Saturday, December 09, 2006

The Big Ouch: What Happened Part One

It's an odd sensation, realizing that your bicycle has suddenly stopped but you haven't. That your handlebar has suddenly snapped to the right and stopped your bike cold while momentum is still carrying you forward. That not only are you flying over your handlebar but that you are twisting in mid-air to the right and are now travelling sideways, a change of direction that will probably save your life, but in this moment only adds to the disorientation.
Then you realize that the ground is getting closer. You barely have time to register that this is going to be bad. And that it's going to hurt.
It is bad. And it hurts.

Two and a half weeks ago I was riding my bike home following the path I do everyday. Part of the journey is a short trail connecting Burnside Road with the back of Tillicum Mall. On this day, dusk, 5:00 pm, water had washed out a pothole that had been filled by gravel back in the summer. Was the washout caused by all the rain we had received in November? Or was it run-off from the watermain that had burst in Tillicum Mall an hour previously? I don't know. All I do know is that as I went down the path, my front wheel caught the pothole and I flipped off my bike. There was a small culvert ahead of me with a concrete pad over top of it. I landed on the concrete pad with all my weight on my left shoulder.

"Ummmfph!"
The air rushed out of my lungs on impact. I bounced off my shoulder and onto my back (my backpack, actually). My legs swung up beside me and ended up in some bushes just off the trail. I'm not sure what happened to my bike. At least it didn't run over me.

I knew right away something was wrong with my left arm. It didn't feel "attached" properly. Still, I tried to gently move it, but the pain toldme that I had probably broken it. There was also the disquieting sensation of things rubbing together that should not be rubbing together.
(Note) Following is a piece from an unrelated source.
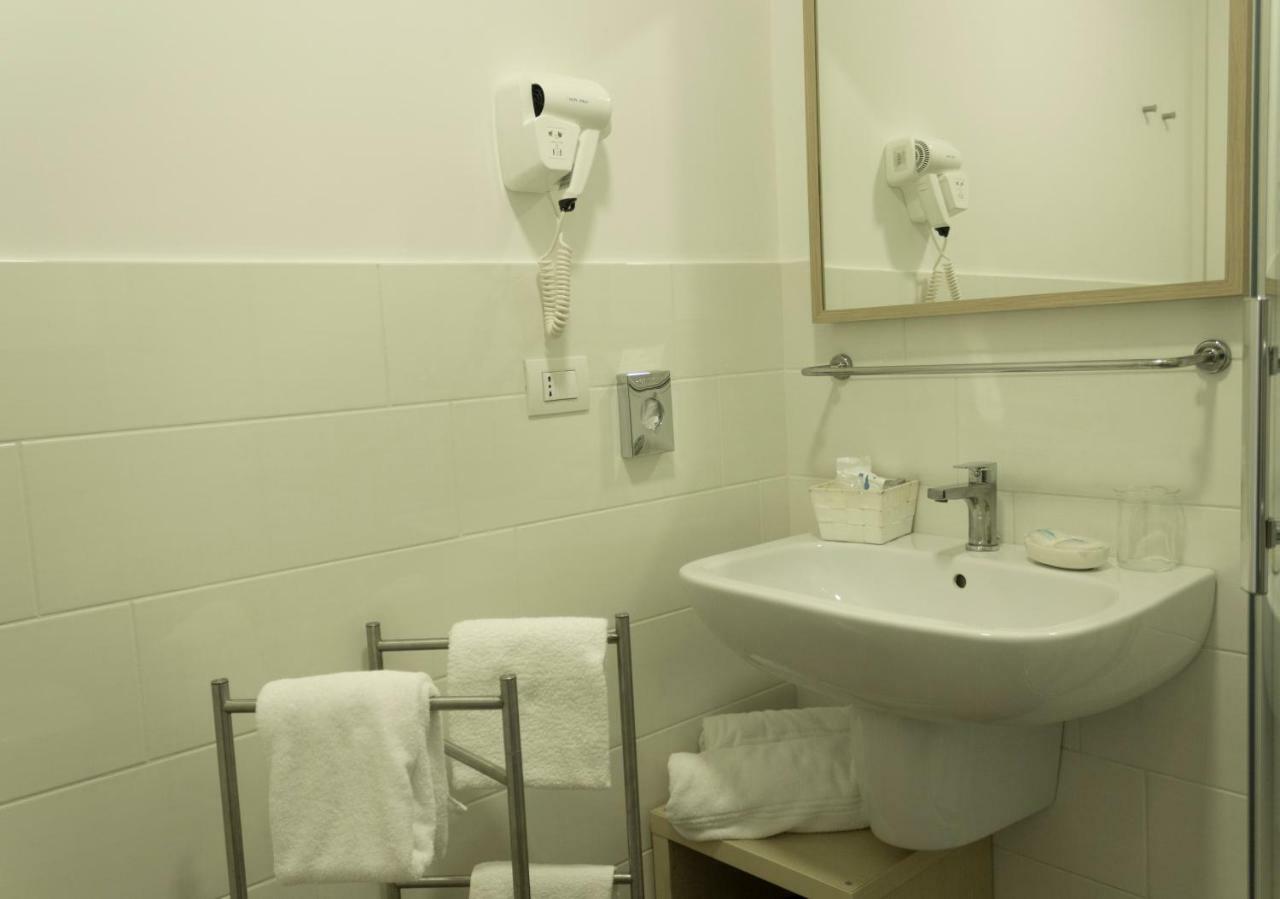 נאפולי Rooms Stazione Centrale מראה חיצוני תמונה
Okay, so the left arm was clearly an issue. What else was broken? I hadn't hit my head (and yes, I always wear my helmet). I wiggled my toes, they seemed okay. My right arm seemed fine. It felt like I might have a scrarch on my left leg, but this was minor. Everything seemed up and running save my left arm.
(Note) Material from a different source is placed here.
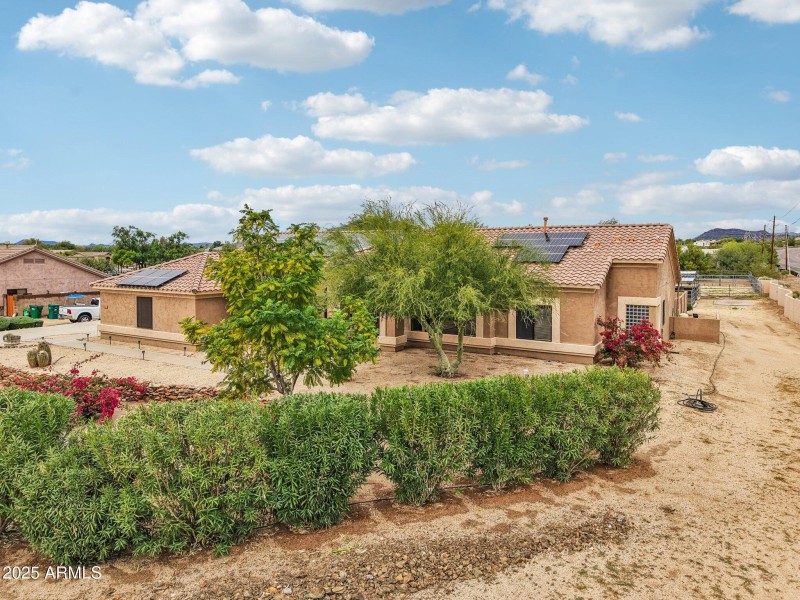 45-web-or-mls-E Jordan Ln-S2011-045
I needed my cell phone which was in my backpack, and was now underneath me. Okay. This was gonna hurt, but there wasn't much else to do. Cradlling my left arm as best I could, I swivelled on my butt, getting my legs out of the bushes. Then I sat up.
Yes, it hurt.
I rested a moment, then cradled my left hand in my lap, then slowly unbuckled and removed my backpack.
I somehow managed to get my left arm out of the straps, then I opened it up and fished out my phone. I turned it on, hoping that it still had some juice. It did, I dialed 911. The operator was cool and professional and able to figure out what trail I was on. He asked if I was bleeding; I said I didn't so. He asked if I could get up and walk along the trail. I said I probably could, but I'd just as soon sit where I was.
I hung up and started to call family members to alert them to my plight. I told my mother that Louise would call soon. (I was supposed to help Louise move some furniture that evening -- clearly, I would do anything to get out of that.)
Just as I finished calling my mother, my first guardian of the evening arrived. A gentleman named Ollie rode down the trail and stopped to assist me. He picked up my bike from across the path and offered to wait the ambulance came.
When the ambulance arrived, Ollie, who as it turned out lives just a couple of blocks from me, offered to take my back home.
The bike was fine. Of course.
The paramedics checked me out. They cut away my bike jacket and jersey from my arm. I'm no doctor, but I could see that my shoulder looked wrong. Instead of curving down, it suddenly dropped off, and there was a large bump where there shouldn't be a bump. This was the ball joint at the end of arm sitting in a place where it shouldn't be. They checked my arm for numbness and I had a big numb spot on the outside of left arm. This indicated possible nerve damage.
They immobolized my arm by wrapping what looked like a life preserver around me, they got me to feet and we walked down the path. I climbed into the ambulance and sat down. They moved me over to the stretcher later as they tried to put in an IV line in my right hand. The paramedic kept failing to find a vein and apologised profously for continually poking my right hand in vein, er, vain. We went to Victoria General Hospital.